YOUR ASSIGNMENT = All records are to be printed exactly as they appear.

SOURCE INFORMATION section start

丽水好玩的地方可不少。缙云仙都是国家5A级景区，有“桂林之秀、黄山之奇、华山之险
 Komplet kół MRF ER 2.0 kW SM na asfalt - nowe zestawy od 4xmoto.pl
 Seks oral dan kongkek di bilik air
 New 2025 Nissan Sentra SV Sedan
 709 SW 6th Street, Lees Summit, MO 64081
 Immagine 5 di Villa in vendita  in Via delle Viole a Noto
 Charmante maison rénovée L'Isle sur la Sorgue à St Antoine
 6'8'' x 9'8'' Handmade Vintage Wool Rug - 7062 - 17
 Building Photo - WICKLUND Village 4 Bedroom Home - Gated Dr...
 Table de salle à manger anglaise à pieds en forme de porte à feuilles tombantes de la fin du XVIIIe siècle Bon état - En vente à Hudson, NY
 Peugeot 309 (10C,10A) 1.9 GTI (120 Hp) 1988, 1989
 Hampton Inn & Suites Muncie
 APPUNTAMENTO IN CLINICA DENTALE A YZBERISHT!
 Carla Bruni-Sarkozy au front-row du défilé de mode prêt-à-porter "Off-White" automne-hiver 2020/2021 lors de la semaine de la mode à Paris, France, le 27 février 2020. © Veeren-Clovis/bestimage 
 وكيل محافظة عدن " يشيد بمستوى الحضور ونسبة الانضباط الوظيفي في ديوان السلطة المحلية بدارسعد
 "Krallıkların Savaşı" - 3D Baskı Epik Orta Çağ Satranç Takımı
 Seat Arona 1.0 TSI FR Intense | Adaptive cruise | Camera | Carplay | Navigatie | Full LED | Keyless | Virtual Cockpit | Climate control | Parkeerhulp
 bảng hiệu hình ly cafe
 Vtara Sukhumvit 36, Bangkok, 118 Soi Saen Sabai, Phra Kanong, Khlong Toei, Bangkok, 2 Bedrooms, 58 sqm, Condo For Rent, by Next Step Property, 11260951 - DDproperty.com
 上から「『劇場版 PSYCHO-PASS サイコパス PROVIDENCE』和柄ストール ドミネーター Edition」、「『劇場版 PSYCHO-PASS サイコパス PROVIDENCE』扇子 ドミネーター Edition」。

SOURCE INFORMATION section end

EXPECTED OUTPUT =
丽水好玩的地方可不少。缙云仙都是国家5A级景区，有“桂林之秀、黄山之奇、华山之险
 Komplet kół MRF ER 2.0 kW SM na asfalt - nowe zestawy od 4xmoto.pl
 Seks oral dan kongkek di bilik air
 New 2025 Nissan Sentra SV Sedan
 709 SW 6th Street, Lees Summit, MO 64081
 Immagine 5 di Villa in vendita  in Via delle Viole a Noto
 Charmante maison rénovée L'Isle sur la Sorgue à St Antoine
 6'8'' x 9'8'' Handmade Vintage Wool Rug - 7062 - 17
 Building Photo - WICKLUND Village 4 Bedroom Home - Gated Dr...
 Table de salle à manger anglaise à pieds en forme de porte à feuilles tombantes de la fin du XVIIIe siècle Bon état - En vente à Hudson, NY
 Peugeot 309 (10C,10A) 1.9 GTI (120 Hp) 1988, 1989
 Hampton Inn & Suites Muncie
 APPUNTAMENTO IN CLINICA DENTALE A YZBERISHT!
 Carla Bruni-Sarkozy au front-row du défilé de mode prêt-à-porter "Off-White" automne-hiver 2020/2021 lors de la semaine de la mode à Paris, France, le 27 février 2020. © Veeren-Clovis/bestimage 
 وكيل محافظة عدن " يشيد بمستوى الحضور ونسبة الانضباط الوظيفي في ديوان السلطة المحلية بدارسعد
 "Krallıkların Savaşı" - 3D Baskı Epik Orta Çağ Satranç Takımı
 Seat Arona 1.0 TSI FR Intense | Adaptive cruise | Camera | Carplay | Navigatie | Full LED | Keyless | Virtual Cockpit | Climate control | Parkeerhulp
 bảng hiệu hình ly cafe
 Vtara Sukhumvit 36, Bangkok, 118 Soi Saen Sabai, Phra Kanong, Khlong Toei, Bangkok, 2 Bedrooms, 58 sqm, Condo For Rent, by Next Step Property, 11260951 - DDproperty.com
 上から「『劇場版 PSYCHO-PASS サイコパス PROVIDENCE』和柄ストール ドミネーター Edition」、「『劇場版 PSYCHO-PASS サイコパス PROVIDENCE』扇子 ドミネーター Edition」。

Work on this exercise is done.